Se tal anúncio público desse garantia aos japoneses de que eles poderiam esperar uma vida dedicada à busca pacífica em sua terra natal e se o Japão ainda se recusasse a se render, nossa nação poderia então, em certas circunstâncias, se ver forçada a recorrer ao uso de bombas atômicas. Tal passo, no entanto, não deve ser dado em nenhum momento sem considerar seriamente as responsabilidades morais que estão envolvidas.

O desenvolvimento da energia atômica fornecerá às nações novos meios de destruição. As bombas atômicas à nossa disposição representam apenas o primeiro passo nessa direção, e quase não há limite para o poder destrutivo que se tornará disponível no curso de seu desenvolvimento futuro. Assim, uma nação que estabelece o precedente de usar essas forças recém-liberadas da natureza para fins de destruição pode ter que arcar com a responsabilidade de abrir a porta para uma era de devastação em escala inimaginável.
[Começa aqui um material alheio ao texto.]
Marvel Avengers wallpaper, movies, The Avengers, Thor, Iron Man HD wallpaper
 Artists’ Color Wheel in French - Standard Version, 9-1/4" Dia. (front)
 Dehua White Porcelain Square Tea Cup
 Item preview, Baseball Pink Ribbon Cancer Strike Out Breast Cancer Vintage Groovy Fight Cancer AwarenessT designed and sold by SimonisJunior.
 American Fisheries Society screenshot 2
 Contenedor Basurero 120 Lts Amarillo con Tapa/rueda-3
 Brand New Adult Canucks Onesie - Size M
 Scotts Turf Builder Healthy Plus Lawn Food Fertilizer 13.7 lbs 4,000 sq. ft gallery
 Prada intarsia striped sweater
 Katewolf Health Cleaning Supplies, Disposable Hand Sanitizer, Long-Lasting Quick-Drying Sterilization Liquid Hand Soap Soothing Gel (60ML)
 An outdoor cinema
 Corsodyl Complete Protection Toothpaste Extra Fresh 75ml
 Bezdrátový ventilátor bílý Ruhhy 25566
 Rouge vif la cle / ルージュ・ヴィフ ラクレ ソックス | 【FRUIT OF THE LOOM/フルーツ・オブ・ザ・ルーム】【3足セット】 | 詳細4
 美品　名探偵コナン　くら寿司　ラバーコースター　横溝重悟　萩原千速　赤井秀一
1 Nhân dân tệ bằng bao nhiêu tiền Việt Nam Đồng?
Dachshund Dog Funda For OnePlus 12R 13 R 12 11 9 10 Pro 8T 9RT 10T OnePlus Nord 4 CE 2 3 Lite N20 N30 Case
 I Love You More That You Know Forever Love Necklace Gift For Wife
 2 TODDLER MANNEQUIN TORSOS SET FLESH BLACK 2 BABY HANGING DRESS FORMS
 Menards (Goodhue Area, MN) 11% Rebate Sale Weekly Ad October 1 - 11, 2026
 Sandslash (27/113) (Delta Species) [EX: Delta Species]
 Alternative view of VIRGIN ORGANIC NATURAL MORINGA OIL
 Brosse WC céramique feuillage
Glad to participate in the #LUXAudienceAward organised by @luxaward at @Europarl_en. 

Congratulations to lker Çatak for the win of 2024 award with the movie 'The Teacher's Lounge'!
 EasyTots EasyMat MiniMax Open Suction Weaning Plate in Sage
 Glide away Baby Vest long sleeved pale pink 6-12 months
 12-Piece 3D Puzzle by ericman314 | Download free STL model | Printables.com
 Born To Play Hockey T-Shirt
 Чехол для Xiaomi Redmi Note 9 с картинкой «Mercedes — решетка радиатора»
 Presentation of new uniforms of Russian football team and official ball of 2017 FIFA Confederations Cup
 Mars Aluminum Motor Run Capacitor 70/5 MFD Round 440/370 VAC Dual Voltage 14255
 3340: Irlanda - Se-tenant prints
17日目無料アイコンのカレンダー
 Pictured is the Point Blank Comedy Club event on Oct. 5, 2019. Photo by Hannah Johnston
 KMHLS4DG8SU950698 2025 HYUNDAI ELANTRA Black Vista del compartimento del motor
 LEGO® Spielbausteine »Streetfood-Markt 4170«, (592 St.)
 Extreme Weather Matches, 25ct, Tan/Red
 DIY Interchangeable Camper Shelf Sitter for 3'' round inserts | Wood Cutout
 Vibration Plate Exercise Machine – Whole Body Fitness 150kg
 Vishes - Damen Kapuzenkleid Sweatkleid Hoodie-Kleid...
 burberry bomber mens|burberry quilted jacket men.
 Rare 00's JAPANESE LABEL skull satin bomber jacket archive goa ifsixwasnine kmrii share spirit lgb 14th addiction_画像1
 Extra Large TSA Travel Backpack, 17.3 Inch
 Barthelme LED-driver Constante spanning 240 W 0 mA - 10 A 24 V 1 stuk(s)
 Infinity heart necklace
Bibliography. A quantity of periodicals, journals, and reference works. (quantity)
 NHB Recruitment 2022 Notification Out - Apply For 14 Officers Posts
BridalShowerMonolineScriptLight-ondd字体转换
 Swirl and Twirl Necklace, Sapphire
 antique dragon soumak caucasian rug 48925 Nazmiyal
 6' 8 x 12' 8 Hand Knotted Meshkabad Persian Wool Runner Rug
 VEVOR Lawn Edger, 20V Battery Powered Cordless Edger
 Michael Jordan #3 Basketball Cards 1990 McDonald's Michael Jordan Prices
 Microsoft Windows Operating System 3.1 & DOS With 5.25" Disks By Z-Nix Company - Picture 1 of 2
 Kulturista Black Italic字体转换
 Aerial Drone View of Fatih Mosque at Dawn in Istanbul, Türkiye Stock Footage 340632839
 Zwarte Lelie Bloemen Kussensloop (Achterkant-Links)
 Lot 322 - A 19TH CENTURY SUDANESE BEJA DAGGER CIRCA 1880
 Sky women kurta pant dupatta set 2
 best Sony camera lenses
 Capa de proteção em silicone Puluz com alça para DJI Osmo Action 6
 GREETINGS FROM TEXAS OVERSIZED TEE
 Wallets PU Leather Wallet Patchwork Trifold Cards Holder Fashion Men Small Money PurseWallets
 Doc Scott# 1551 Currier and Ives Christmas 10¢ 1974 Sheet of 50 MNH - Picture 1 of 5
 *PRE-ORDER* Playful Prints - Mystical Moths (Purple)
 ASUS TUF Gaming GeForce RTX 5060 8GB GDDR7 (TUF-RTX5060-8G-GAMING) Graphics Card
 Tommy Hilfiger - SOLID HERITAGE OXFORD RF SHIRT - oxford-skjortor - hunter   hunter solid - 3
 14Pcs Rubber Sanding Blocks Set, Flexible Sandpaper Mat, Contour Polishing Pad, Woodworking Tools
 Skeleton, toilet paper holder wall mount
Se depois da guerra se permitir que se desenvolva uma situação no mundo que permita que potências rivais tenham posse descontrolada desses novos meios de destruição, as cidades dos Estados Unidos, assim como as cidades de outras nações, estarão em contínuo perigo de ataque súbito. Aniquilação. Todos os recursos dos Estados Unidos, morais e materiais, podem ter que ser mobilizados para prevenir o advento de tal situação mundial. Sua prevenção é, no momento, responsabilidade solene dos Estados Unidos - destacada em virtude de sua liderança no campo da energia atômica.

A força material adicional que essa liderança dá aos Estados Unidos traz consigo a obrigação de contenção e, se violarmos essa obrigação, nossa posição moral ficará enfraquecida aos olhos do mundo e aos nossos próprios olhos. Seria então mais difícil para nós cumprir nossa responsabilidade de controlar as forças de destruição ainda não liberadas.

Em vista do exposto, nós, abaixo assinados, respeitosamente pedimos: primeiro, que você exerça seu poder como Comandante-em-Chefe, para determinar que os Estados Unidos não recorrerão ao uso de bombas atômicas nesta guerra, a menos que os termos que serão impostas ao Japão foram tornadas públicas em detalhes e o Japão, sabendo desses termos, recusou-se a se render; em segundo lugar, que em tal caso a questão de usar ou não bombas atômicas seja decidida por você à luz da consideração apresentada nesta petição, bem como de todas as outras responsabilidades morais que estão envolvidas".